Foreign Secretary William Hague said:
“The British Government has been consistent in its view that the future of the Falklands can only be determined by the people who live there. So the Prime Minister and I support this initiative to demonstrate - without doubt - the definitive view of the Falkland Islands people. In a region that rightly prizes democracy and human rights, it is entirely appropriate that the Islanders can express this fundamental right. The principle of self-determination is a key part of the United Nations charter. The voice of the Falkland Islands people should be heard. I hope very much that Argentina, and indeed the whole of the international community, joins the UK in listening carefully to what they have to say.”
Speaking, today, from Stanley, Falklands Islands, Jeremy Browne said:
“It is a privilege and a pleasure to be here with the Falkland Islands people, as they commemorate the thirtieth anniversary of their liberation. The sacrifices made by the British armed forces in the 1982 conflict were significant. We will never forget them. But the British Government believed then, as we do today, that the protection of the Falkland Islanders’ political liberty - of their right to determine their own future - is a principle worth defending.
“Only the Falkland Islands people can determine how they wish to be governed. So I very much support this initiative by the Falkland Islands Government. Indeed, I believe this referendum is a truly significant moment. It will give the Falkland Islands people the opportunity to send a clear message - not just to Argentina, but to the whole of the international community - that the Islanders, and they alone, are masters of their fate.
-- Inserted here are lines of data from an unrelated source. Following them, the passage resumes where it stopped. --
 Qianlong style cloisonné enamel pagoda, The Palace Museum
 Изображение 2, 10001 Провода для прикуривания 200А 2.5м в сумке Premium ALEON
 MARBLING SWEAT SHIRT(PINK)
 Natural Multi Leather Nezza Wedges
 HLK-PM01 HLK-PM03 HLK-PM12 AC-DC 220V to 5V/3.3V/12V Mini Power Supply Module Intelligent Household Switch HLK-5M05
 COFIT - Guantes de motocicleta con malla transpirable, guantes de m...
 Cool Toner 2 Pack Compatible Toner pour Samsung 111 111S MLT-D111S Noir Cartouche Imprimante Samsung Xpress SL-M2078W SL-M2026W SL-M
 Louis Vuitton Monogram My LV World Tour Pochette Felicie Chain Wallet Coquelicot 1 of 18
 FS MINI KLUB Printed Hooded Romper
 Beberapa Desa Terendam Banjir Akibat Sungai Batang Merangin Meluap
“In the next few months the Falklands will give their definitive verdict on their political status. The British Government will respect their decision, in line with the principles of the United Nations Charter. And I call on all governments who prize democracy and human rights to do likewise.
“Whilst it is for the Islanders to choose, let me be clear: the British government greatly values the links between the UK and the Falkland Islands. We believe these should continue and deepen, long into the future. And if this proves to be the will of the Falkland Islands people, then we in the UK will not just respect it, but will continue actively to defend this act of self-determination from those who seek to challenge it.”
Earlier today, the Falkland Islands Government announced its attention to hold a referendum.
In a statement, Chairman of the Legislative Assembly, Gavin Short, said:
“I have no doubt that the people of the Falklands wish for the Islands to remain a self-governing Overseas Territory of the United Kingdom. We certainly have no desire to be ruled by the Government in Buenos Aires, a fact that is immediately obvious to anyone who has visited the Islands and heard our views.
“But we are aware that not everyone is able to come to these beautiful Islands and to see this reality for themselves. And the Argentine Government deploys misleading rhetoric that wrongly implies that we have no strong views or even that we are being held hostage by the UK military. This is simply absurd.
“We have thought carefully about how to convey a strong message to the outside world that expresses the views of the Falklands people in a clear, democratic and incontestable way. So we have decided, with the full support of the British Government, to hold a referendum on the Falkland Islands to eliminate any possible doubt about our wishes. This referendum will be organised by the Falkland Islands Government and will take place in the first half of 2013. We will invite independent, international observers to observe the process and verify its outcome. Exact timings, the specific wording of the question, and other details will be announced in the coming weeks.
“We are holding this referendum not because we have any doubts about who we are and what future we want, but to show the world just how very certain we are about that.”